The table below shows how Elasticsearch concepts map to relational database concepts.
| Elasticsearch | Relational database |
|---|---|
| index | database |
| type | table |
| document | row |
| field | column |
| mapping | schema |
Shard and replica shard
An index can be split into multiple shards, which are distributed across nodes to support distributed search. Shards come in two types: primary shards and replica shards.
When creating an index, specify the number of primary shards and replica shards. The number of primary shards cannot be changed after the index is created.
Default shard configuration:
-
Elasticsearch earlier than 7.0: 5 primary shards and 1 replica shard per primary shard, per index.
-
Elasticsearch 7.0 and later: 1 primary shard and 1 replica shard per index.

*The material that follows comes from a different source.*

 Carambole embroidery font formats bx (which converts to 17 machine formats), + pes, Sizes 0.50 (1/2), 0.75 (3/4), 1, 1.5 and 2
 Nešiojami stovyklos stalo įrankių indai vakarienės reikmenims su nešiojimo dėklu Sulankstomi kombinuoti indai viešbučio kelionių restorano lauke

The table below summarizes the differences between primary shards and replica shards.
| Shard type | Supported requests | Number changeable after creation | Notes |
|---|---|---|---|
| Primary shard | Query and indexing | No — set at index creation. See Step 3: Create an index. | Each document belongs to exactly one primary shard. The number of primary shards determines the maximum data volume an index can hold. More primary shards increase cluster performance overhead. |
| Replica shard | Query only | Yes — change at any time. See Index templates. | Replica shards improve fault tolerance: if a primary shard is lost, it can be restored from a replica. They also improve search throughput by distributing query load. |
You can query primary or replica shards for data.
Write operations: when a cluster receives a write request, it applies the operation to the relevant primary shard, then replicates the data to that shard's replicas. A large number of replica shards increases data synchronization load during writes.

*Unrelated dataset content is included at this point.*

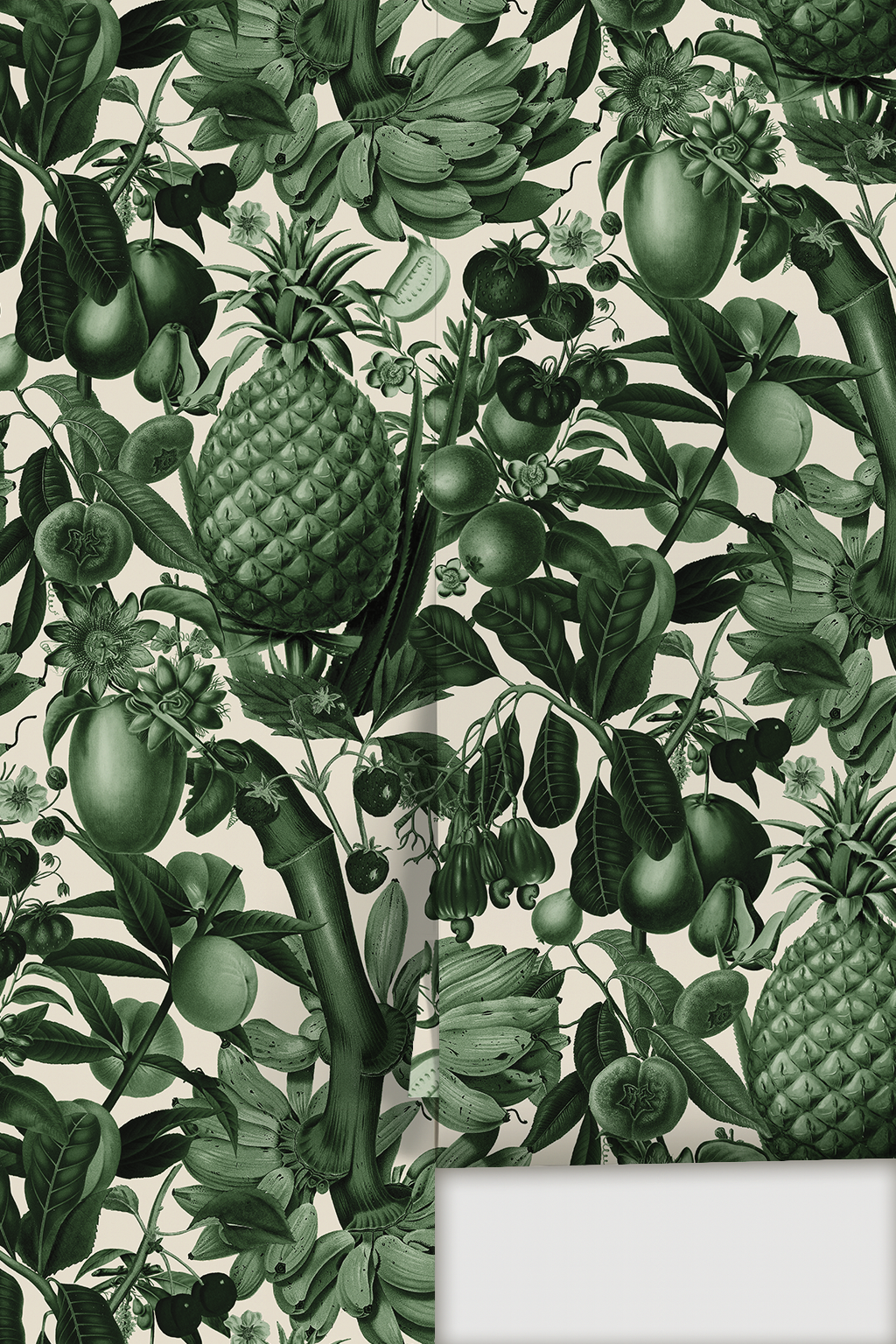 Juicy Fruit Wallpaper, white and dark green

Both the number of shards and the size of each shard affect cluster stability and performance. Plan shards for all indexes before deployment to avoid performance degradation at scale. For sizing guidance, see Evaluate specifications and storage capacity.
gateway
A gateway stores snapshots of indexes. By default, a node keeps all indexes in memory. When node memory is full, indexes spill to local disk. When a cluster restarts, it restores indexes from the gateway snapshots rather than reading from local disk — which is significantly faster.
Supported gateway types: local file system (default), distributed file system, Hadoop Distributed File System (HDFS), and Alibaba Cloud Object Storage Service (OSS).
discovery.zen
discovery.zen is the automatic node discovery mechanism used in Elasticsearch. Elasticsearch is a peer-to-peer (P2P) system that discovers nodes by sending broadcasts. Nodes communicate using multicast and P2P protocols.
transport
Transport is the communication layer between an Elasticsearch cluster (or its nodes) and clients. TCP is used by default. Integrate plug-ins to support additional protocols, including HTTP over JSON, Thrift, Memcached, and ZeroMQ.